A Nova Democracia festejou a sua
vitória na Praça Syntagma e a esquerda radical celebrou sua relativa
derrota ao compasso de “Avanti Popolo”, na Praça do Metrô Universidade,
distantes entre si 600 metros. “Salvamos o euro e o país de um vermelho
delirante”, dizia um militante da Nova Democracia que passeava pela
praça Syntagma com a bandeira azul de seu partido. “Em seis meses
voltamos com 40%, dizia, por sua vez, um militante do Syriza no ato do
Metro Universidade, uma explanada presidida por uma estátuta de Atenas,
Deusa da Guerra, da civilização, da sabedoria, da estratégia e das
artes, entre outros atributos. Mais filosófico, Evangelos, um porteiro
que trabalha à noite na zona da Syntagma, dizia: “ganharam os ladrões,
como sempre tem corrido neste país há mais de 40 anos”.
A Grécia
votou no domingo sob a imensa pressão exercida por seus sócios europeus e
pelos meios de comunicação do Velho Continente, que fizeram uma
campanha feroz e desonesta a favor do continuísmo, apresentando a
eleição com os mesmos argumentos que a direita da Nova Democracia: a
favor ou contra o euro.

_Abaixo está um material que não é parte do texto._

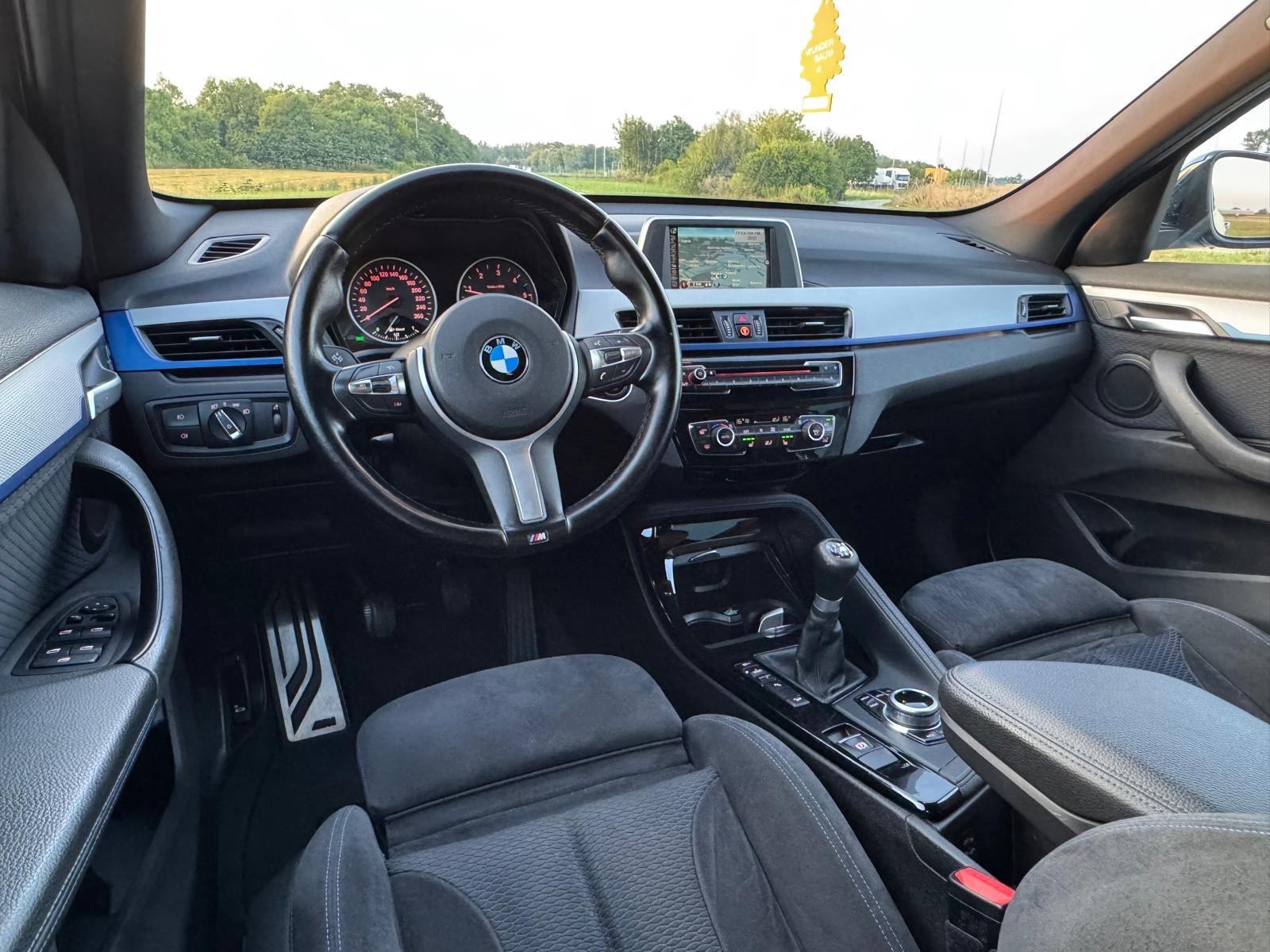 BMW X1 18d xdrive M Paket Navigacija, fotografija 11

Então, o medo e a austeridade venceram. Às dez e
quarenta da noite o líder do Syriza, Alexis Tsipras, reconheceu a
derrota. Quando chegou à sede do partido, os abraços e a emoção eram de
uma noite de vitórias.
“É uma sorte para nós. Eles vão queimar
as asas e nós tomaremos o poder mais legitimados”, dizia sem rodeios um
militante do Syriza. A juventude estava feliz. Pela primeira vez em
muitos anos surgiu do nada uma alternativa à cumplicidade destruidora
entre a direita da Nova Democracia e os socialistas. Mas também emergiu a
pior versão da extrema direita, quer dizer, os neonazis do partido
Aurora Dourada, que reiteraram nesta consulta o percentual de 6 de maio
passado, de 7%.
A vitória do líder da Nova Democracia, Antonis
Samaras, é estreita e o obriga a pactuar uma coalizão com o PASOK. Ambos
os partidos começaram a negociar à noite. Os 30% da Nova Democracia
equivalem a um mínimo de 75 assentos, aos quais há de se somar os 50
assentos que se outorga como prêmio ao partido mais votado. Isso
representa 125 assentos e a eles pode se somar os 12% do PASOK (33
assentos), que forma uma maioria de 161 assentos num parlamento de 300.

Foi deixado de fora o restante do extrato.